Abdurrahman Han
Abdurrahman Han | |
---|---|
Afganistan Emiri | |
Afganistan Emiri | |
Hüküm süresi | 31 Mayıs 1880 – 1 Ekim 1901 |
Önce gelen | Eyüb Han |
Sonra gelen | Habibullah Han |
Doğum | 1844 Kâbil, Afganistan |
Ölüm | 1 Ekim 1901 (57 yaşında) Kâbil, Afganistan |
Defin | Kâbil, Afganistan |
Hanedan | Barakzay |
Babası | Muhammed Afzal Han |
Dini | İslam |
Abdurrahman Han (Peştuca: عبدر رحمان خان) (d. 1844 - ö. 1 Ekim 1901), 1880-1901 arasında hüküm süren Afganistan emiri.
Barakzay hanedanının mensubu olan Abdurrahman Han, hanedanın kurucusu olan Dost Muhammed Han'ın torunu, Muhammed Afzal Han'ın oğludur.
Babası ile amcası Azam Han'ın Dost Muhammed Han'ın yerine geçen kuzeni Şir Ali'ye karşı verdikleri çetin ve uzun süreli iktidar mücadelesinde önemli bir rol oynamıştır. Şir Ali'nin 1869'daki zaferi Abdurrahman'ı Rusya Türkistanı'na sürgüne gitmak zorunda bıraktı. İngiliz-Afgan Savaşı'nın patlak vermesinden bir yıl sonraya, yani Şir Ali'nin öldüğü 1879'a değin Semerkant'ta yaşadı. 1880'de Afganistan'a döndü ve halkı tarafından sevgiyle karşılandı. İngilizlerin bir çözüme yanaşmalarına değin Kuzey Afganistan'da kaldı. Buna göre, İngilizler onu emir olarak tanımalarına karşılık Abdurrahman da dış ilişkilerinde İngilizlere denetleme hakkı tanıyordu.

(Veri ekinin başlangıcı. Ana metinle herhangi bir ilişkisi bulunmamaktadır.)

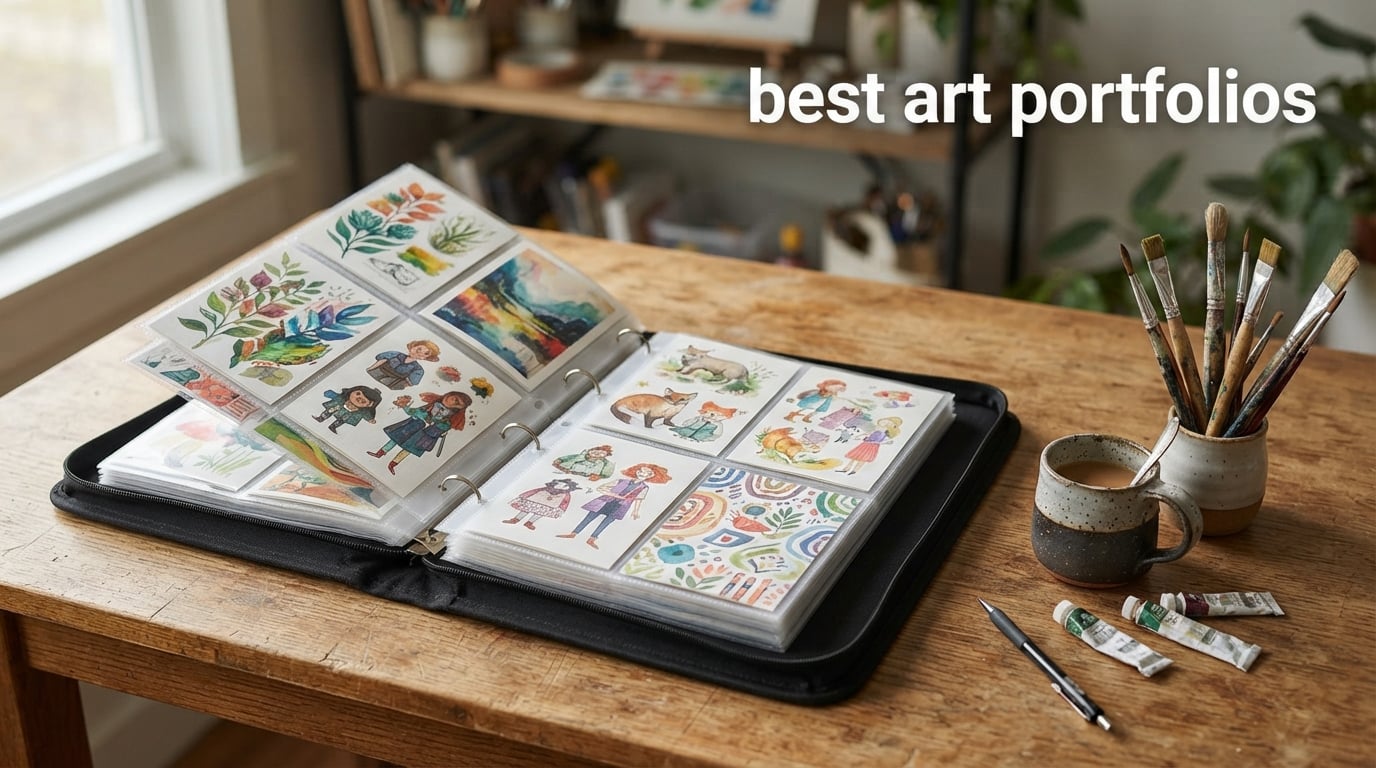 best art portfolios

Emir olarak, ülkedeki huzursuzlukları yatıştırıp iktidarını sağlamlaştırdı. 1880-1887 arasında güçlü Gılzay kabilesinin düzenlediği bir ayaklanmayı ve başını kuzeni İshak Han'ın çektiği beklenmedik bir isyanı bastırdı. Ayrıca, Herat'ta üslenerek topraklarına aralıklı olarak akınlar düzenleyen Şir Ali'nin oğlu Eyüb'ü de kesin bir yenilgiye uğrattı.
Abdurrahman dönemi, Afganistan'ın Rusya ile olan kuzeybatı sınırını belirleyen anlaşma dolayısıyla da önem taşır. Sir Mortimer Durand başkanlığındaki bir İngiliz heyeti ile 1893'te Kabil yakınlarında yapılan görüşmeler sonucunda varılan anlaşmayla Abdurrahman, Durand hattını sınır kabul ederek, doğu sınırındaki kabileler üzerindeki babadan oğula geçen bazı haklarından vazgeçti.
Abdurrahman, ülkenin yönetim sistemini de yeni bir düzene soktu ve iç reformlar başlattı. Ülkeye yabancı uzmanlar getirtti, savaş gereçleri yapmak için gerekli donanımı ithal etti, tüketim mallarıyla yeni tarım araçları imalatını başlattı ve Afganistan'ın ilk modern hastanesini kurdu. Dağınık bir halka örgütlü bir hükûmet sistemini kabul ettirdi. Hindistan'daki İngilizlerle ve Çarlık Rusyası ile ilişkilerinde dengeyi korudu.